Presenting to the Environmental Quality Council on Sept. 27, DNRC Forestry and Trust Lands Division Administrator Shawn Thomas characterized the 2023 fire season as less busy but more costly than average for the DNRC, in large part due to costs accrued suppressing the Colt Fire, which totaled more than $32 million.
Thomas expressed gratitude for increased funding available through Montana’s House Bill 883, which enabled the state to bolster its fire suppression response with a variety of aerial resources and two 20-person hand crews.
Thomas credited the additional resources as being part of the reason western Montana did not see more large fires this season, despite extreme fire weather during much of the summer.
According to the DNRC fire dashboard, 1,536 fires burned 116,314 acres in Montana this season, and 48% of those fires were human-caused. Thomas told the EQC that as of Sept. 15, the DNRC had spent $39.2 million on fire suppression in 2023, and the remaining fire fund balance totaled $109.3 million.
Looking ahead to 2024, Sampson said, increased fuel loads on the Beaverhead-Deerlodge National Forest could impact next year’s fire season.
While less fire can offer benefits like better air quality and reduced risk to people or property, Research Landscape Ecologist for the U.S. Geological Survey Rachel Loehman said it can also “kick the can down the road” when it comes to future wildfires.
“If we have a year in which we weren’t able to reintroduce fire, or we weren’t able to tolerate fire, [or] we didn’t get fire on the landscape in a way that helped us reduce fuels, that fuel is still around for the following year,” Loehman said.
Loehman co-authored part of a 2018 U.S. Forest Service report on climate change vulnerability and adaptation in the Northern Rockies region, which examines the natural role of ecological disturbances like wildfire and how climate change is shifting the way such disturbances operate. All fires need three things to burn — ignition, fuel, and fire weather — and Loehman said each element is being affected by a warming climate, causing an increase in wildfire frequency, intensity and size.
Quieter fire seasons, as in Montana during the last two years, can feel like outliers, but Loehman said it’s important to keep broader climate trends in mind.
“What appears to us to be a moderate year now is probably an extreme year [when viewed] from the middle of the last century,” Loehman said.

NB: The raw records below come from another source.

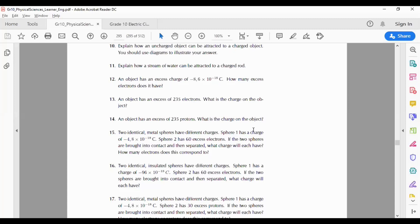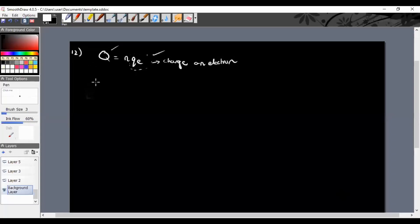Let's look at question 12, which uses the formula Q = nQe. They gave us a big Q of negative 8.6 times 10 to the negative 18 coulombs. We know that Qe, the charge on one electron, is negative 1.6 times 10 to the negative 19 coulombs, and n is the number of electrons we need to find.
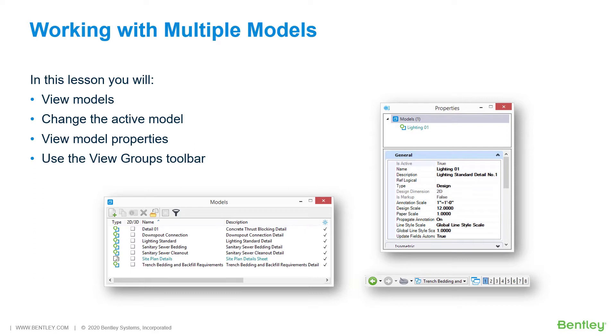We have been tasked with reviewing several details pertaining to our proposed site design. These details are all stored in the Site Plan Details design file as individual models.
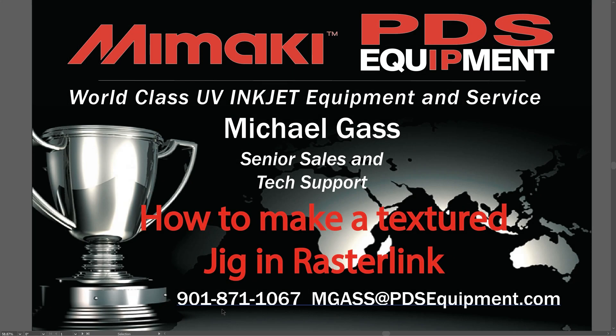Hello everyone, this is Michael Gass, senior sales and tech with PDS Equipment, or as my son says, the old guy that does videos. So thanks Josh. Anyway, today we're going to talk about how to make a texture jig in Rasterlink.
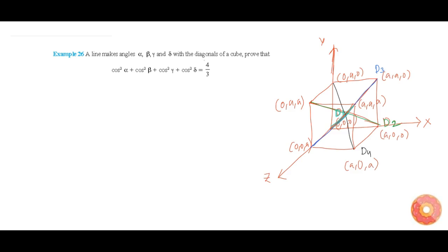In this question we need to prove that the angles made by a line — alpha, beta, gamma, and delta — with the diagonals of the cube follow the rule: cos²α + cos²β + cos²γ + cos²δ = 4/3.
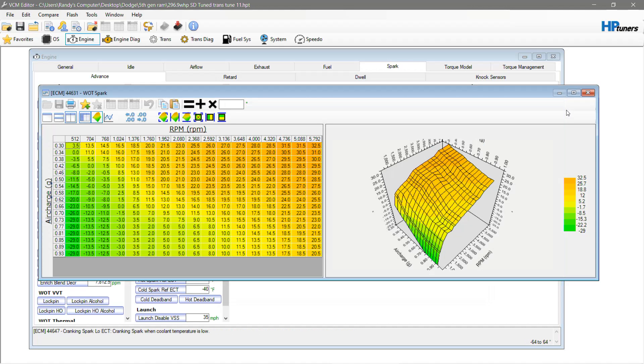One of the common failures was ring lands, pistons breaking in half, the piston being torched, and these are still issues that we have today with the HEMI engine.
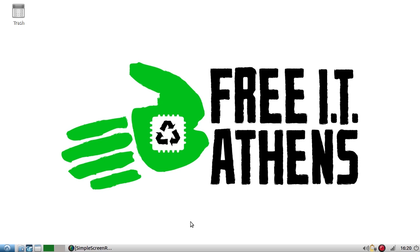Hello everyone, my name is Charlie and I'm a volunteer at Free IT Athens. Today I would like to introduce you to LibreOffice Writer.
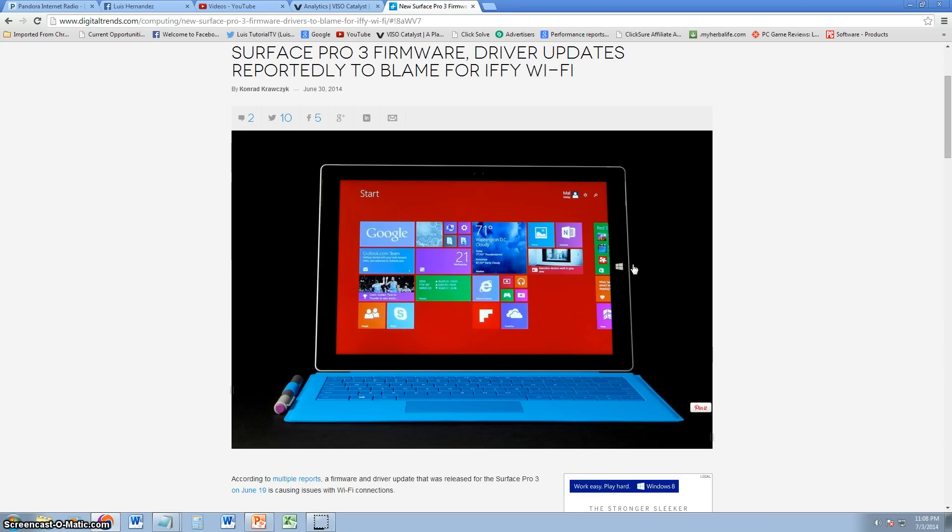The Surface Pro 3 has been released and already there have been problems with it. The firmware drivers for the Wi-Fi have been reported to not be working or to be slowing down to a crawl.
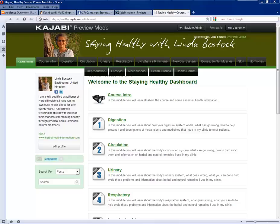On the left hand side is where Linda has put her information, her picture and a description of her, and links to her Facebook page, Twitter page and to her website. Any student who has anything they want to put in here can also put their own information in here, receive messages here and look for posts through this little search engine down here.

Flathead National Forest Public Affairs Officer Kira Powell said in an email that while the days are now getting shorter and cooler, vegetation is also drying out again, which opens the door to the possibility of autumn fires.
“Once plants get a hard freeze, frost-killed leaves are susceptible to burn,” Powell said, cautioning Montanans to mind their campfires during hunting season and while spending time in the woods this fall.